[[ Source information open ]]

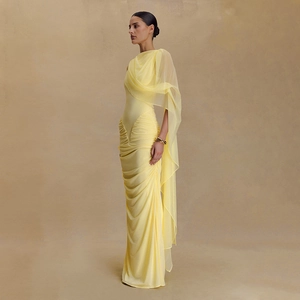 Detail of elegant yellow bodycon dress with sheer mesh cape and stylish ruched fabric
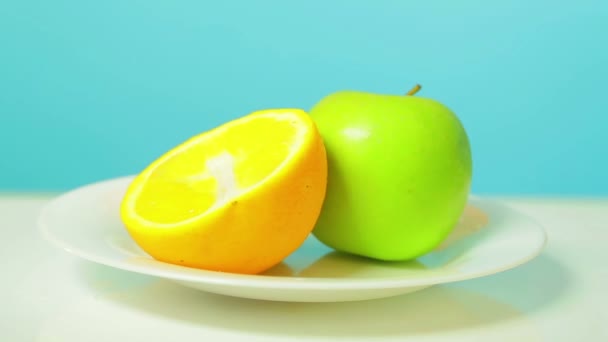 A metade de maçã verde inteira de quivi e laranja em uma chapa branca gira em um círculo — Vídeo de Stock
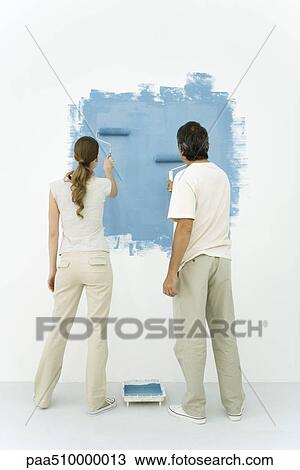 Couple painting wall blue using rollers, rear view View Large Photo Image Stock Image - Couple painting wall blue using rollers, rear view. Fotosearch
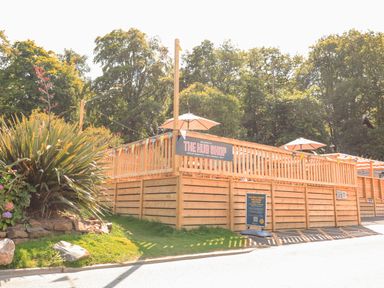 An outdoor wooden deck area with umbrellas and a sign for The Hub Shop at Finlakes Holiday Park near Chudleigh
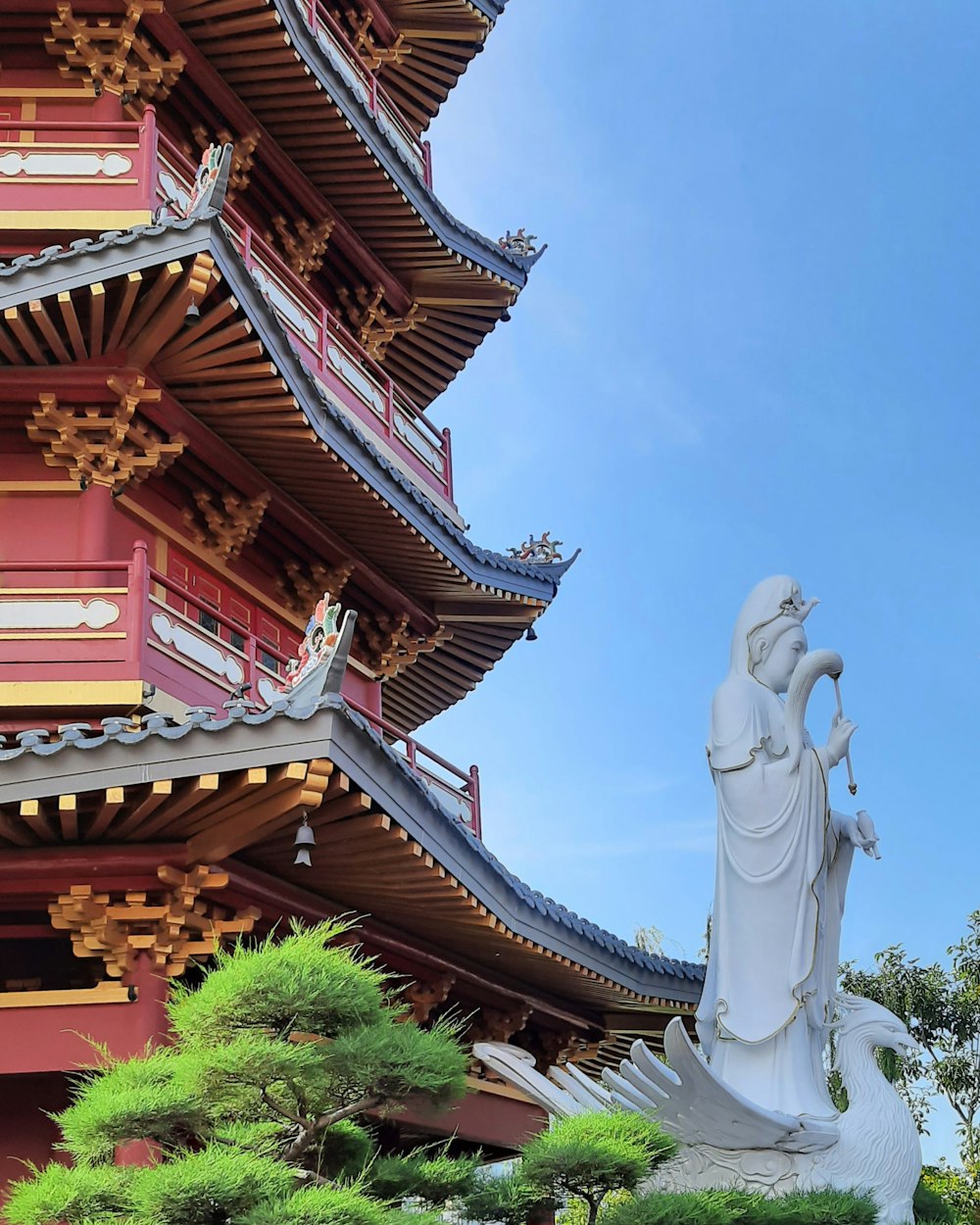 a tall building with a statue in front of it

[[ Source information closed ]]

Requirement |
The reply should hold only the lines from the first line of the records above through the line containing "Couple painting wall blue using rollers, rear view View", copied exactly and without pictures.

The answer |
 Detail of elegant yellow bodycon dress with sheer mesh cape and stylish ruched fabric
 A metade de maçã verde inteira de quivi e laranja em uma chapa branca gira em um círculo — Vídeo de Stock
 Couple painting wall blue using rollers, rear view View Large Photo Image Stock Image - Couple painting wall blue using rollers, rear view. Fotosearch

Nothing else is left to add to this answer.